Friday, November 6, 2009

Self Esteem

One of the hardest things that I faced during my pregnancy was the constant intrusive questions from people once they realized that I was pregnant with twins. I endeavor not to be noticed or to bring attention to myself so being a 200 lb side show was kind of rough. I noticed that I would get testy when people asked me about how I conceived twins, how much weight I had gained, and especially during all of the ominous warning comments about how hard life was going to be.

Since the boys have been born people have either been awesome with me or have acted like we are the circus and it is totally appropriate to stare and say whatever comes to mind. Whether or not I get annoyed with people primarily depends on what kind of mood the boys are in. It sucks when I know they are going to explode and I just need to do one more thing before leaving a store and I see some crazy-eyed person making a beeline for us.

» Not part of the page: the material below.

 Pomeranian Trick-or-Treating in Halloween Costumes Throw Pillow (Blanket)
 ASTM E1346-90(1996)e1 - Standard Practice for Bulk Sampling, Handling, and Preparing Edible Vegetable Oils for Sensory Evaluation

Recently we've notice that the boys are watching us all of the time and assessing our reaction to various stimulus. I know that I am their lens for viewing the world, My response guides their perception of what is safe, funny, worrisome or inappropriate. Accordingly I know that I have to be very careful of how I react to other people's reactions of them because this forms their sense of self-worth. This is a tough lesson for me to learn because when I see the crazy-eyed person I want to run, but I cannot. The other thing that I have started doing is dodging the twins questions.

Most people like to ask about gender and zygocity, occasionally how they were conceived too, and then wander off. I don't want them to think that they are special only because they are twins. So when people ask if they are twins I say "yes." And then tell them what their names are and something non-comparative about each of them. Then I run as fast as I can.